I am sick of politics. My American husband tries again and again to explain the intricacies, traditions, and more of politics in the United States.

I don’t care. It is ugly. All of it is ugly. I don’t want any part of this.

There’s a bad taste in my mouth that no amount of mouthwash will help.

It took a few slaps to my head from the Holy Spirit to clear my politically befuddled brain, saturated with tales of election woes. Add to that an over-developed sense of right and wrong, and I nearly went down on my knees in the middle of the footpath to beg forgiveness.

My time with God

Back to my epiphany, my moment of enlightenment, my Eureka of vaulting out of the bathtub a la Archimedes.

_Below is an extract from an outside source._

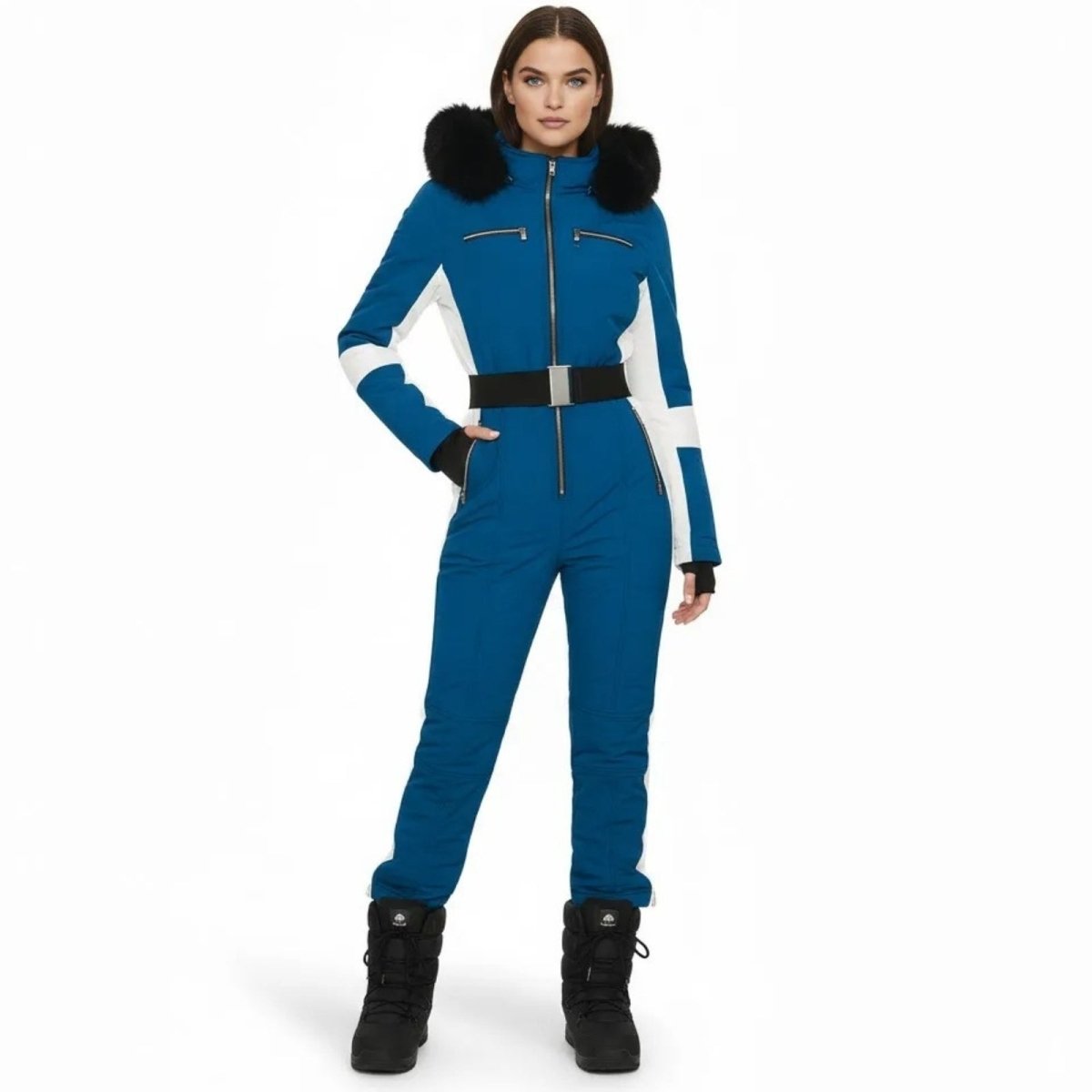 Woman wearing the Kouvr Fashion blue and white one-piece ski suit with a black fur hood and belt, front view.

I subscribe to a few devotionals. These include the Three-minute Retreats of Daily Online Prayer from the Jesuits as well as a daily post from Father Richard Rohr at the Center of Action and Contemplation.

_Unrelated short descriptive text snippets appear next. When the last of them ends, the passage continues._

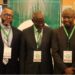 Clarence Massaquoi and West African telecom leaders pose at ECOWAS Free Roaming launch in Monrovia, highlighting regional mobile cost reforms for Liberian travelers.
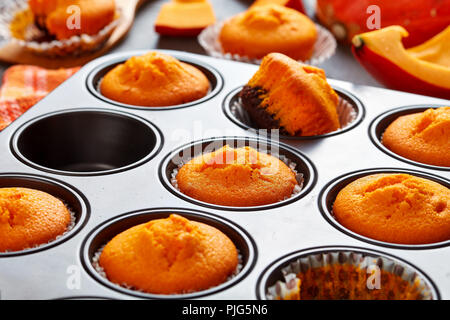 In der Nähe von frisch gebackenen hausgemachten süßen Kürbis Muffins in einer Backform auf einem rustikalen Holztisch, leckere Herbst Dessert für Halloween oder potluck Stockfoto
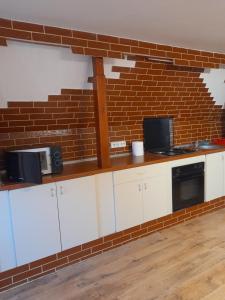 a kitchen with white cabinets and a brick wall at Garsoniera Sic Zona Terapia Zona linistita la casa cu parcare in Cluj-Napoca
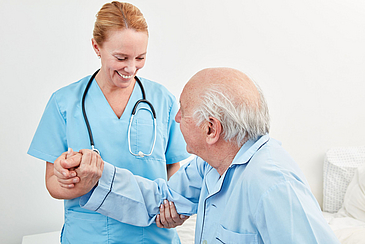 a nurse with a patient, holding his hand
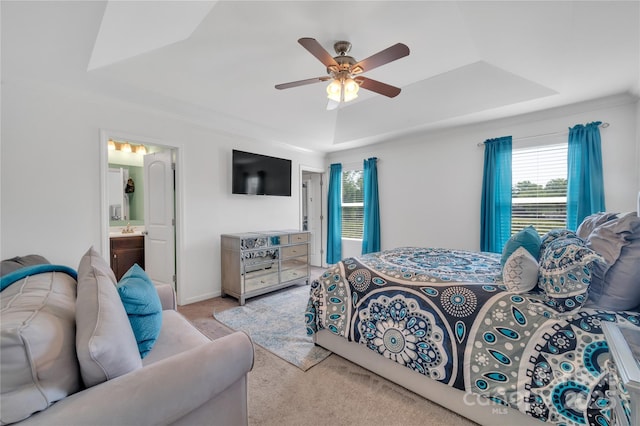 bedroom featuring ceiling fan, a sink, carpet floors, ensuite bathroom, and a tray ceiling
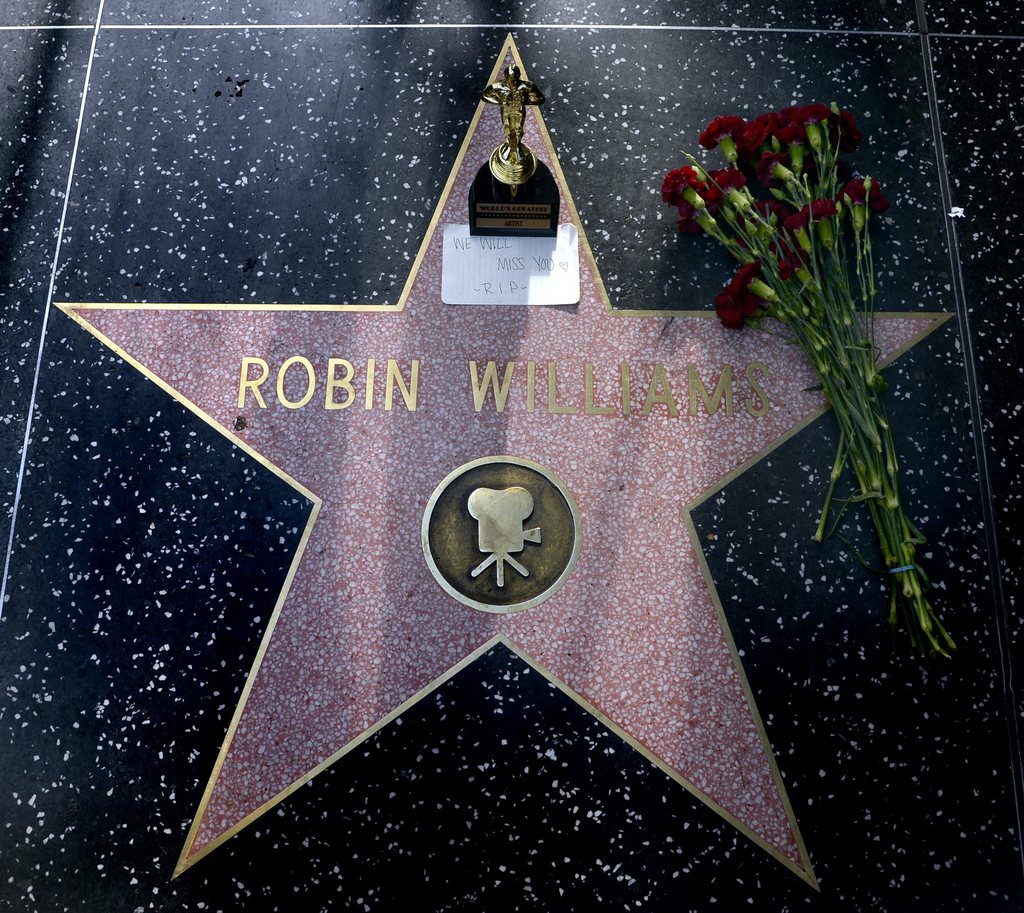 epa04349919 Flowers and an Oscar souvenir are placed on the Hollywood Walk of Fame star for US actor Robin Williams in Hollywood, California, USA, 11 August 2014. The Oscar winning actor Williams who starred in such films as Mrs. Doubtfire and Good Morning Vietnam died of an apparent suicide in his Tiberon home north of San Francisco, California, USA, 11 August 2014.  EPA/MICHAEL NELSON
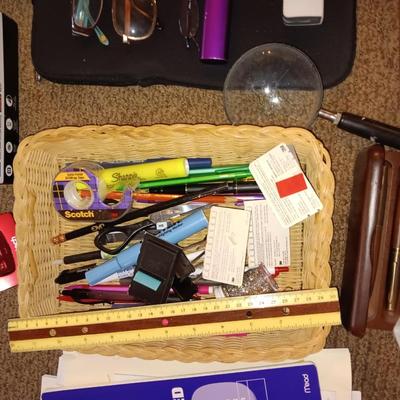 Assortment of office and school supplies including v tec cordless phones, personal fan and more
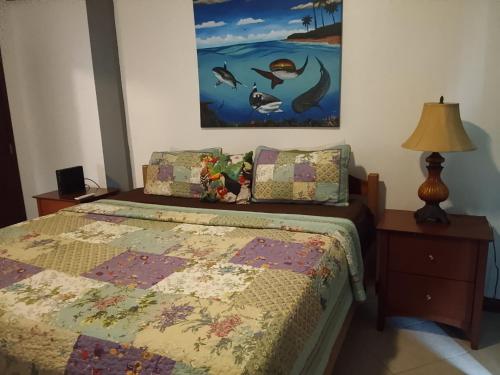 a bedroom with a bed with a quilt on it at Lucky get away in Poughkeepsie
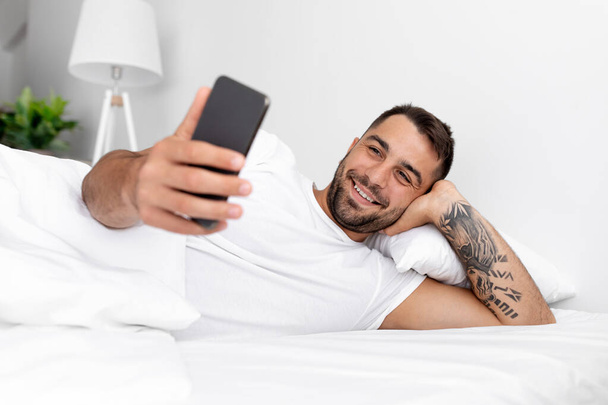Усміхаючись тисячолітній привабливий хлопець з бородою лежить на білому ліжку, спілкується і читає новини на смартфоні
 - Фото, зображення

Now those lovely Jesuits figure that somewhere in my crazy day, I should set aside three minutes, read their post, and answer the two questions they pose. Often those questions send me into deep thinking. Absolutely no way it takes three minutes only. Not for this woman!

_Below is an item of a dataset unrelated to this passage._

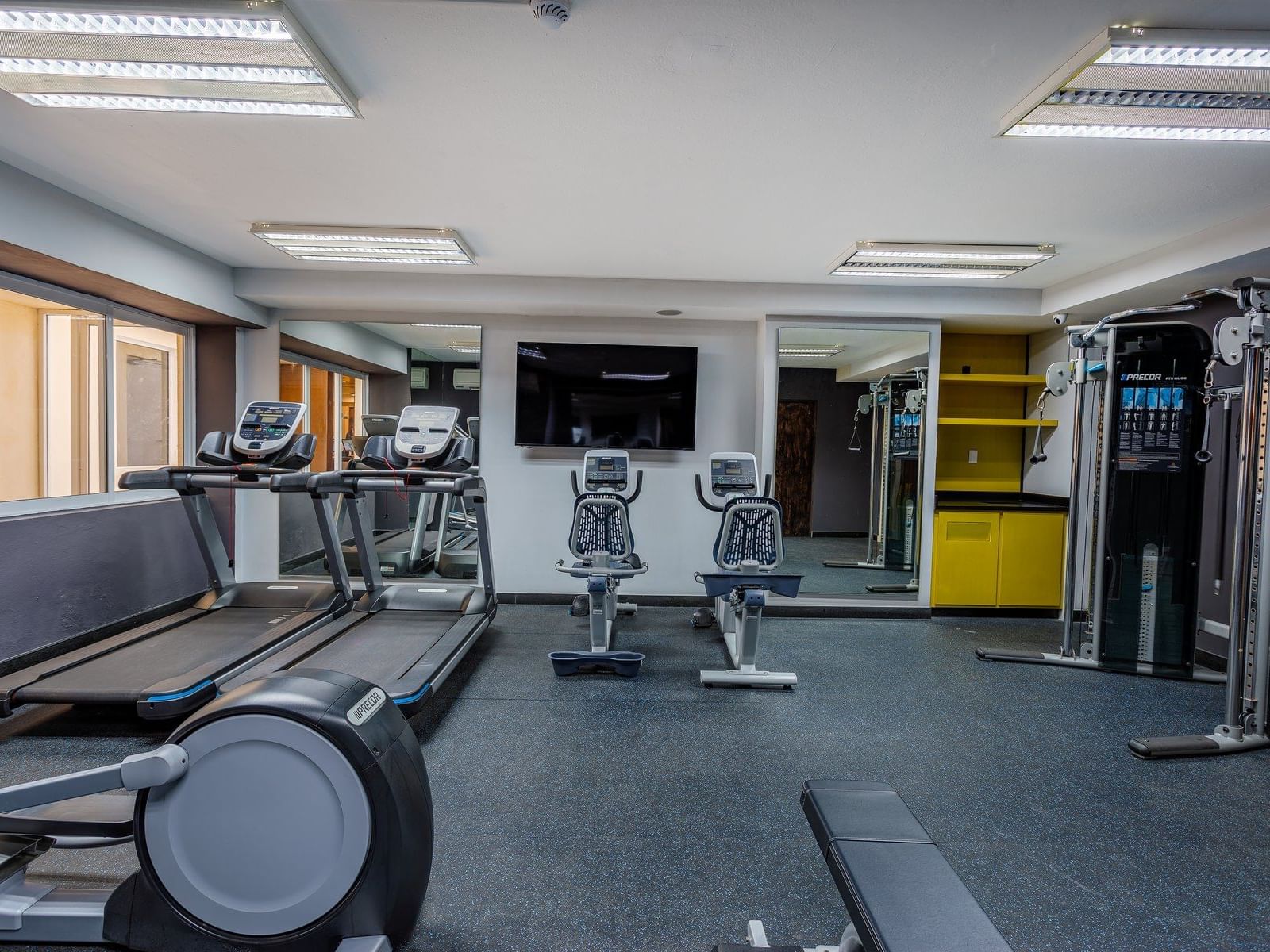 Exercise machines in the fitness center at Gamma Hotels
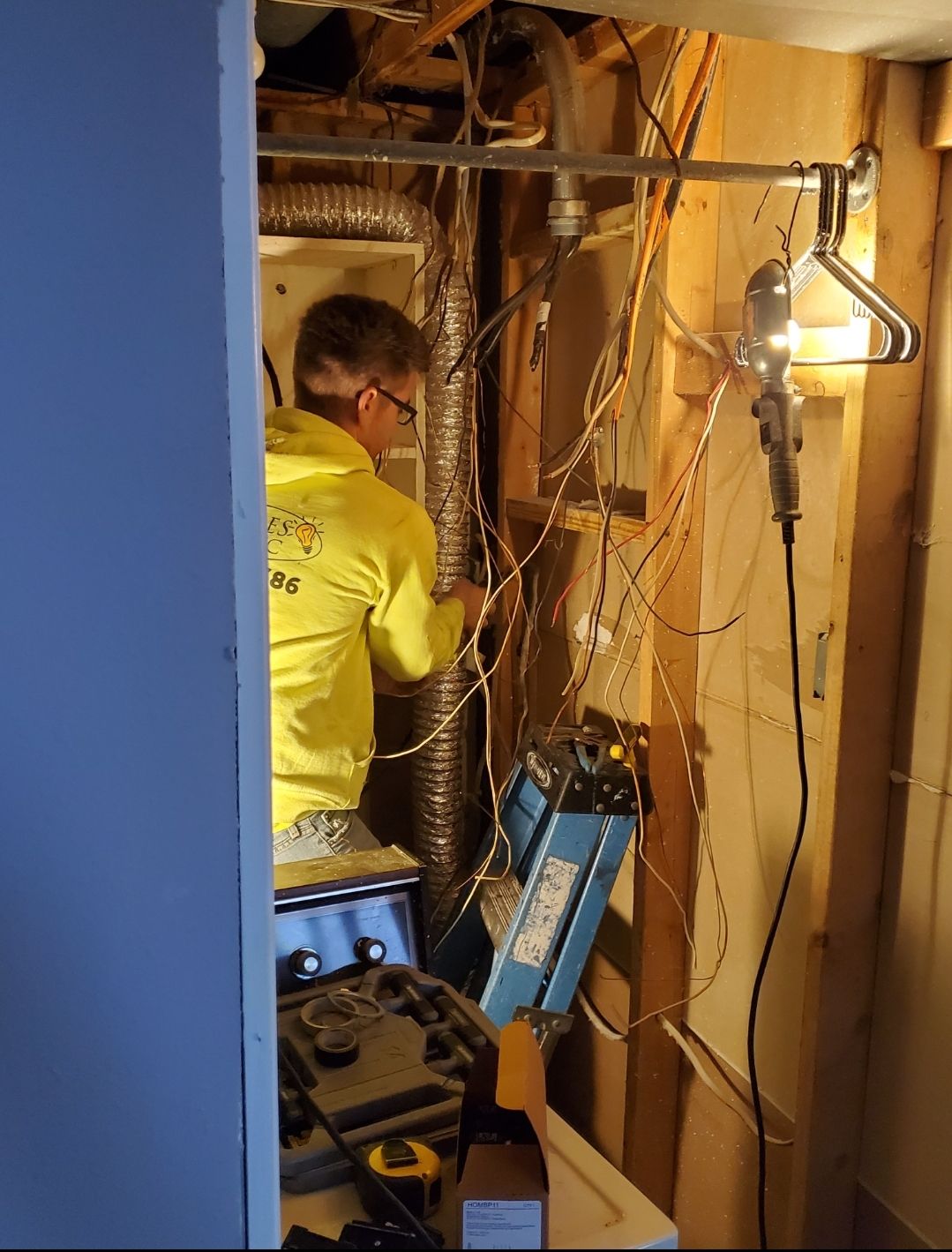 A man in a yellow shirt is working on a heater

Father Rohr? At times he’s way over my head. My faith is a simple one, and Father Rohr is on a different plane. Yet, every so often it touches a nerve, and off I go. I read and re-read. Put that on repeat. I need to fully understand. Invariably I go off questing, researching, and digging out a Bible or two. It’s like a mosquito bite. You know it’s best left alone, but still you scratch.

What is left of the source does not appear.